Democrats handed President Barack Obama an embarrassing defeat on his trade agenda, blocking final passage of fast-track negotiating authority just hours after he made a rare visit to Capitol Hill to seek their support.
In a 126-302 vote Friday, Democrats helped reject a displaced workers’ aid program they usually support that was needed to proceed to a final vote on fast-track authority. The House quickly passed, 219-211, the fast-track bill though it won’t go to Obama’s desk unless the worker aid bill also passes.
The House plans to vote on that measure Tuesday, House Republican aide Brendan Buck said. At that time, the package could go to Obama if passed.
“We have to slow down,” said House Minority Leader Nancy Pelosi, a California Democrat. “Whatever the deal is with other countries, we want a better deal for America’s workers.”
Obama’s administration -- and the president personally -- lobbied for months for expedited trade negotiating authority, saying it is needed to advance trade agreements that will keep the U.S. competitive with overseas rivals. In a sign of the push, earlier Friday press secretary Josh Earnest forwarded a Twitter posting by Obama’s ambassador to Japan, Caroline Kennedy, who wrote, “My dad, JFK, was for free trade. Democrats today should be too.”
Obama went to Capitol Hill Friday morning for a private meeting with House Democrats to push for passage of the trade measures. Afterward, several members said they still weren’t convinced.
‘We just disagree’
“If anyone could have changed our minds,” it would have been the president, said California Democrat Brad Sherman, who opposes the measures. The president spoke eloquently, but “a majority of our caucus does not agree with him on this issue,” Sherman said. “We just disagree.”
Rep. Keith Ellison, a Minnesota Democrat said, “He said if we don’t do it his way then we aren’t playing it straight. Well, I am playing it straight.”
In an unusual alliance, most Republicans were backing Obama, who contended the trade measure would help U.S. workers and set rules for the global economy. Many Democrats remain stung by the 1994 North American Free Trade Agreement, which labor unions blame for a decline in U.S. manufacturing jobs.
Obama sent top government officials including Treasury Secretary Jacob J. Lew to the Capitol a day earlier to plead for House Democrats’ votes. The measure, passed by the Senate in May, would let Obama submit trade agreements to Congress for an expedited, up-or-down vote without amendments.
Obama sought the authority to help complete a 12-nation Trans-Pacific Partnership that would be a cornerstone of rebalancing U.S. foreign policy toward Asia.
The defeat is a blow for Obama because trade was an area where he had seen opportunity for support from Republicans, who this year took control of the Senate as well as the House where they’d already had a majority. Obama had spoken with optimism as the congressional session began about trade being a bright spot where he and Republicans agreed something had to be done.

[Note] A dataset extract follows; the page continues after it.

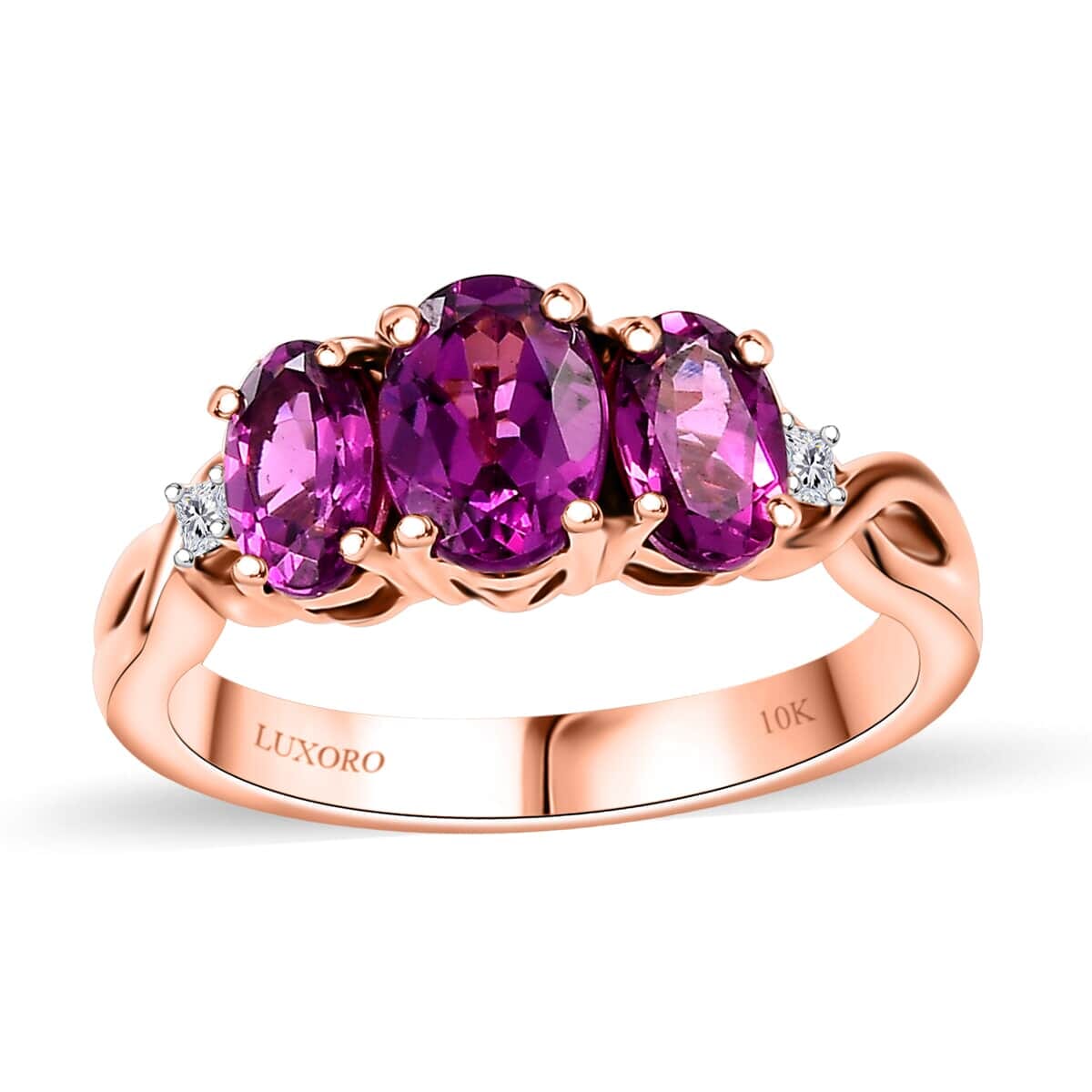Certified & Appraised Luxoro 10K Rose Gold AAA Radiant Ember Garnet, Diamond (G-H, I2) 3 Stone Ring (Size 10.5) 2.10 ctw image number 0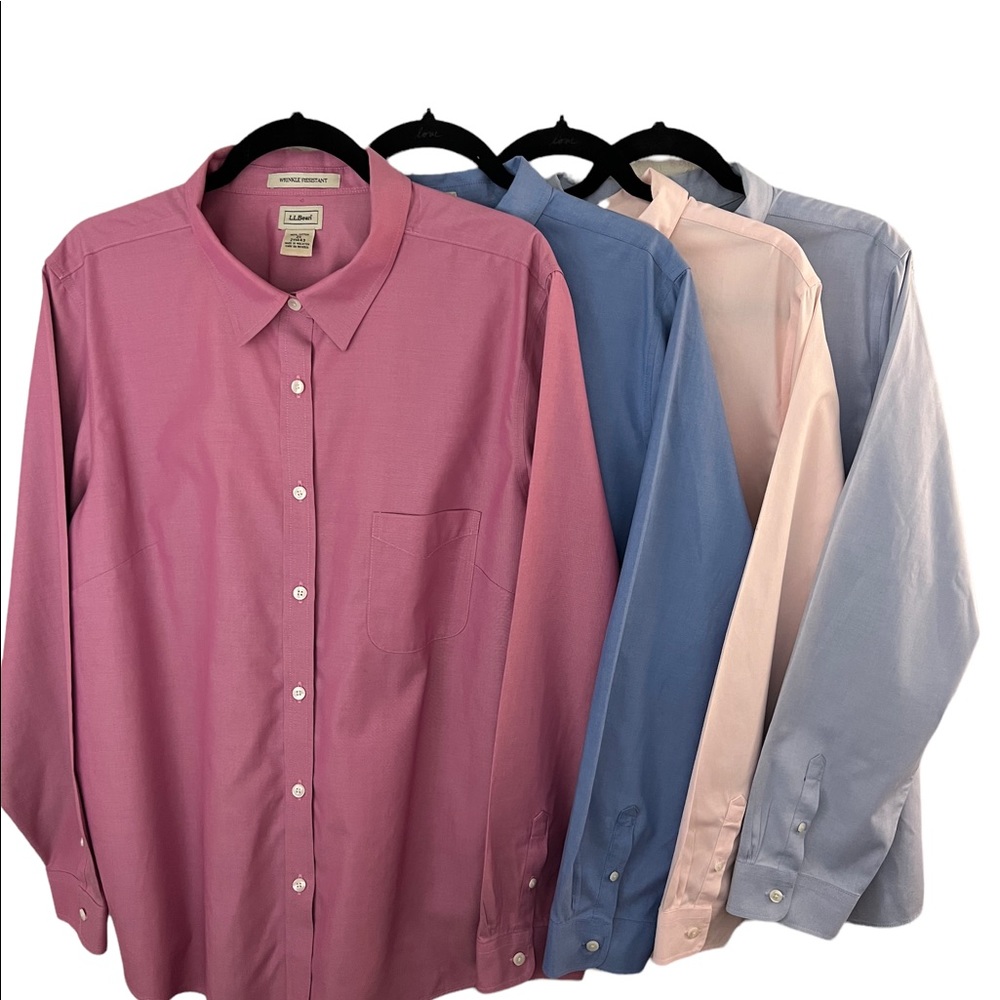 4 Women L.L.Bean Long sleeve oxford button down dress shirt plus size.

It was Obama’s own party that dealt him the defeat on trade, siding instead with labor unions and environmental groups that have urged caution on expanding trade, saying it would cost U.S. jobs.

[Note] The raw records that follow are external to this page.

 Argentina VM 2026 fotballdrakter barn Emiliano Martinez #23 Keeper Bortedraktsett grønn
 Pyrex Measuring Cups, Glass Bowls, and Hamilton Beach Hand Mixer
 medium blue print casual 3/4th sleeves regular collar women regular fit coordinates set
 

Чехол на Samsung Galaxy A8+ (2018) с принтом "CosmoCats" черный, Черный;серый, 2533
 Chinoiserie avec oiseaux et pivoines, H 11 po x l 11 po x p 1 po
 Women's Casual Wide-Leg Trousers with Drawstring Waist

Obama invested time and his political capital in making trade his top domestic priority this year. He has said that without fast-track authority, reaching trade agreements with Pacific or European nations will be unlikely. The Friday morning trip to Capitol Hill -- his first since 2013 for a policy matter -- was an indication of how personal the administration lobbying effort was to the the president.
The bill, H.R. 1314, would give Obama and the next president expedited trade negotiating authority for six years.
Friday’s voting procedure was worked out between Speaker John Boehner and Pelosi. It allowed a vote on the fast-track trade bill only if the House first passed a measure providing aid to workers who lose their jobs to foreign competition.
The worker assistance program typically is supported by Democrats and opposed by most Republicans. Some Democrats decided to defeat it because that would stop the vote on Obama’s trade negotiating authority. The move would be worth it even though $450 million in aid for workers would be lost, some lawmakers said.
“There are plenty of those who feel that’s not such a bad price to pay for saving American jobs,” Representative Jan Schakowsky, an Illinois Democrat, said Thursday.
Republicans also confronted opposition within their ranks to the trade package from members who wouldn’t approve anything strengthening Obama’s hand in international negotiations.
“As a Republican, free trade would be a great concept, but the folks back home have absolutely no faith and confidence in this president,” Representative Blake Farenthold of Texas told reporters Thursday.
Boehner of Ohio, who spoke with Obama by telephone Thursday about the trade votes, contended that legislating the conditions for trade negotiating authority was a better option.